### PROMPT:
Nothing should be omitted: restate the full listing word for word.

*****

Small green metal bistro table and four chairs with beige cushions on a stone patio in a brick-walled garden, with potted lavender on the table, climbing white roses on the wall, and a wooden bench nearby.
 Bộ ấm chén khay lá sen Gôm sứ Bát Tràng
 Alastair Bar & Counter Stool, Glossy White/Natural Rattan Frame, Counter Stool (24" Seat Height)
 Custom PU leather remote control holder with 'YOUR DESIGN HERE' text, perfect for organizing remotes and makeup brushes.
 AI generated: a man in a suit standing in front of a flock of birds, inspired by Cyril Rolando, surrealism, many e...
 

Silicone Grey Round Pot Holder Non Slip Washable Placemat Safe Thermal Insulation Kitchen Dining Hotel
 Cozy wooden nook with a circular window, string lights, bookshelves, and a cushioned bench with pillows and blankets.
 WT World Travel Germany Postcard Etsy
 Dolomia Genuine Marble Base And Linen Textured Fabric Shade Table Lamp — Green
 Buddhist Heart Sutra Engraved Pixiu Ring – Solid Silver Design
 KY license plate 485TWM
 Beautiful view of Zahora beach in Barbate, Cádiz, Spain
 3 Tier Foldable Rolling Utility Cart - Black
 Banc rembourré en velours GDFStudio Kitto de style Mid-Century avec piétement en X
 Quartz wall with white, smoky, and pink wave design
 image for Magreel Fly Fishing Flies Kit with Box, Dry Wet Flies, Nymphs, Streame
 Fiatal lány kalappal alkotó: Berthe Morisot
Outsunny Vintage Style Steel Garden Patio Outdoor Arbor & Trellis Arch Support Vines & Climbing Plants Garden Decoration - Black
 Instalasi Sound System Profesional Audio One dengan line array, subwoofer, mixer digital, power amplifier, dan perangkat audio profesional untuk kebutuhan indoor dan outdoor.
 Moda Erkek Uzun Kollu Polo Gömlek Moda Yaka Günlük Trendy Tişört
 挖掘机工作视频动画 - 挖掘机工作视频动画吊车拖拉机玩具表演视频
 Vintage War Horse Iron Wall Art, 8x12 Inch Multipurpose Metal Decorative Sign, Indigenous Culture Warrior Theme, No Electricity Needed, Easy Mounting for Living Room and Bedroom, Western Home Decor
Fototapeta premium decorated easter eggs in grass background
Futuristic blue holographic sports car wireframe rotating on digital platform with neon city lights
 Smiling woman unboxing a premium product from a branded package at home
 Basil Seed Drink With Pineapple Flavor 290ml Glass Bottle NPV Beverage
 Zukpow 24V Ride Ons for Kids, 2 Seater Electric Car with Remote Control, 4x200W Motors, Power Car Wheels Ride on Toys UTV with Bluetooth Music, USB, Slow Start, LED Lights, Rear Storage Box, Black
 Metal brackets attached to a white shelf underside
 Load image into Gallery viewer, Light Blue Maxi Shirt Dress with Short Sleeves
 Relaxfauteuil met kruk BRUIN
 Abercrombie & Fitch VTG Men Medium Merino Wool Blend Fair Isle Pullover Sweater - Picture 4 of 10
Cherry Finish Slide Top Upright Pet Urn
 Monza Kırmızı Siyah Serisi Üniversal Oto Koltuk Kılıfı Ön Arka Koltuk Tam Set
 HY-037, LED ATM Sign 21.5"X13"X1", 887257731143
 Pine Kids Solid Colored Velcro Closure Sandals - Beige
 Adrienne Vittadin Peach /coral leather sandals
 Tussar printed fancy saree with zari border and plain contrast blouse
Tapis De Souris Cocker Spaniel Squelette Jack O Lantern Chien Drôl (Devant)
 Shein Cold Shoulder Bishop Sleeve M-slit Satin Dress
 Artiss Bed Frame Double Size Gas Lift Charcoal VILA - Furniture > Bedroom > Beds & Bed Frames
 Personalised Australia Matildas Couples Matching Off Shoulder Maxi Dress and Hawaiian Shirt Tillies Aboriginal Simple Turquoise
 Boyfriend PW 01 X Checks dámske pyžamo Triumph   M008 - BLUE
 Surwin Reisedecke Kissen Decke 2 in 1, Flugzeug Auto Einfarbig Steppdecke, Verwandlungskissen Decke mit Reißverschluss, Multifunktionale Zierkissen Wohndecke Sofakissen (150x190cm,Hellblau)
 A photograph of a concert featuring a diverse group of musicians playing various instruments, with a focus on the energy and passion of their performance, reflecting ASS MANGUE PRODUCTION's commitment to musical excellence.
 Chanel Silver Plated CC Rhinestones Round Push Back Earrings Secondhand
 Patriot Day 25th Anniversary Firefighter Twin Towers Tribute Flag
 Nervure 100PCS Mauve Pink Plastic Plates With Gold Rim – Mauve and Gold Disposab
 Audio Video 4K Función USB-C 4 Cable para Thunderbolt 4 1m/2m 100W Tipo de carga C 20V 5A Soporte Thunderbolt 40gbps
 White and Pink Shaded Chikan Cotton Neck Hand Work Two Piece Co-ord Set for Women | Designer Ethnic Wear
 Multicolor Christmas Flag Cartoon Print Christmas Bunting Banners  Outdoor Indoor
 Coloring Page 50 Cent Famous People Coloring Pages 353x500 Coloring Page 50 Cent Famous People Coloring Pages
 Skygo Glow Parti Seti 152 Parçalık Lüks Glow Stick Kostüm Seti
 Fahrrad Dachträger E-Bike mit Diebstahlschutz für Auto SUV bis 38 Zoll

*****

### SOLUTION BELOW:
Small green metal bistro table and four chairs with beige cushions on a stone patio in a brick-walled garden, with potted lavender on the table, climbing white roses on the wall, and a wooden bench nearby.
 Bộ ấm chén khay lá sen Gôm sứ Bát Tràng
 Alastair Bar & Counter Stool, Glossy White/Natural Rattan Frame, Counter Stool (24" Seat Height)
 Custom PU leather remote control holder with 'YOUR DESIGN HERE' text, perfect for organizing remotes and makeup brushes.
 AI generated: a man in a suit standing in front of a flock of birds, inspired by Cyril Rolando, surrealism, many e...
 

Silicone Grey Round Pot Holder Non Slip Washable Placemat Safe Thermal Insulation Kitchen Dining Hotel
 Cozy wooden nook with a circular window, string lights, bookshelves, and a cushioned bench with pillows and blankets.
 WT World Travel Germany Postcard Etsy
 Dolomia Genuine Marble Base And Linen Textured Fabric Shade Table Lamp — Green
 Buddhist Heart Sutra Engraved Pixiu Ring – Solid Silver Design
 KY license plate 485TWM
 Beautiful view of Zahora beach in Barbate, Cádiz, Spain
 3 Tier Foldable Rolling Utility Cart - Black
 Banc rembourré en velours GDFStudio Kitto de style Mid-Century avec piétement en X
 Quartz wall with white, smoky, and pink wave design
 image for Magreel Fly Fishing Flies Kit with Box, Dry Wet Flies, Nymphs, Streame
 Fiatal lány kalappal alkotó: Berthe Morisot
Outsunny Vintage Style Steel Garden Patio Outdoor Arbor & Trellis Arch Support Vines & Climbing Plants Garden Decoration - Black
 Instalasi Sound System Profesional Audio One dengan line array, subwoofer, mixer digital, power amplifier, dan perangkat audio profesional untuk kebutuhan indoor dan outdoor.
 Moda Erkek Uzun Kollu Polo Gömlek Moda Yaka Günlük Trendy Tişört
 挖掘机工作视频动画 - 挖掘机工作视频动画吊车拖拉机玩具表演视频
 Vintage War Horse Iron Wall Art, 8x12 Inch Multipurpose Metal Decorative Sign, Indigenous Culture Warrior Theme, No Electricity Needed, Easy Mounting for Living Room and Bedroom, Western Home Decor
Fototapeta premium decorated easter eggs in grass background
Futuristic blue holographic sports car wireframe rotating on digital platform with neon city lights
 Smiling woman unboxing a premium product from a branded package at home
 Basil Seed Drink With Pineapple Flavor 290ml Glass Bottle NPV Beverage
 Zukpow 24V Ride Ons for Kids, 2 Seater Electric Car with Remote Control, 4x200W Motors, Power Car Wheels Ride on Toys UTV with Bluetooth Music, USB, Slow Start, LED Lights, Rear Storage Box, Black
 Metal brackets attached to a white shelf underside
 Load image into Gallery viewer, Light Blue Maxi Shirt Dress with Short Sleeves
 Relaxfauteuil met kruk BRUIN
 Abercrombie & Fitch VTG Men Medium Merino Wool Blend Fair Isle Pullover Sweater - Picture 4 of 10
Cherry Finish Slide Top Upright Pet Urn
 Monza Kırmızı Siyah Serisi Üniversal Oto Koltuk Kılıfı Ön Arka Koltuk Tam Set
 HY-037, LED ATM Sign 21.5"X13"X1", 887257731143
 Pine Kids Solid Colored Velcro Closure Sandals - Beige
 Adrienne Vittadin Peach /coral leather sandals
 Tussar printed fancy saree with zari border and plain contrast blouse
Tapis De Souris Cocker Spaniel Squelette Jack O Lantern Chien Drôl (Devant)
 Shein Cold Shoulder Bishop Sleeve M-slit Satin Dress
 Artiss Bed Frame Double Size Gas Lift Charcoal VILA - Furniture > Bedroom > Beds & Bed Frames
 Personalised Australia Matildas Couples Matching Off Shoulder Maxi Dress and Hawaiian Shirt Tillies Aboriginal Simple Turquoise
 Boyfriend PW 01 X Checks dámske pyžamo Triumph   M008 - BLUE
 Surwin Reisedecke Kissen Decke 2 in 1, Flugzeug Auto Einfarbig Steppdecke, Verwandlungskissen Decke mit Reißverschluss, Multifunktionale Zierkissen Wohndecke Sofakissen (150x190cm,Hellblau)
 A photograph of a concert featuring a diverse group of musicians playing various instruments, with a focus on the energy and passion of their performance, reflecting ASS MANGUE PRODUCTION's commitment to musical excellence.
 Chanel Silver Plated CC Rhinestones Round Push Back Earrings Secondhand
 Patriot Day 25th Anniversary Firefighter Twin Towers Tribute Flag
 Nervure 100PCS Mauve Pink Plastic Plates With Gold Rim – Mauve and Gold Disposab
 Audio Video 4K Función USB-C 4 Cable para Thunderbolt 4 1m/2m 100W Tipo de carga C 20V 5A Soporte Thunderbolt 40gbps
 White and Pink Shaded Chikan Cotton Neck Hand Work Two Piece Co-ord Set for Women | Designer Ethnic Wear
 Multicolor Christmas Flag Cartoon Print Christmas Bunting Banners  Outdoor Indoor
 Coloring Page 50 Cent Famous People Coloring Pages 353x500 Coloring Page 50 Cent Famous People Coloring Pages
 Skygo Glow Parti Seti 152 Parçalık Lüks Glow Stick Kostüm Seti
 Fahrrad Dachträger E-Bike mit Diebstahlschutz für Auto SUV bis 38 Zoll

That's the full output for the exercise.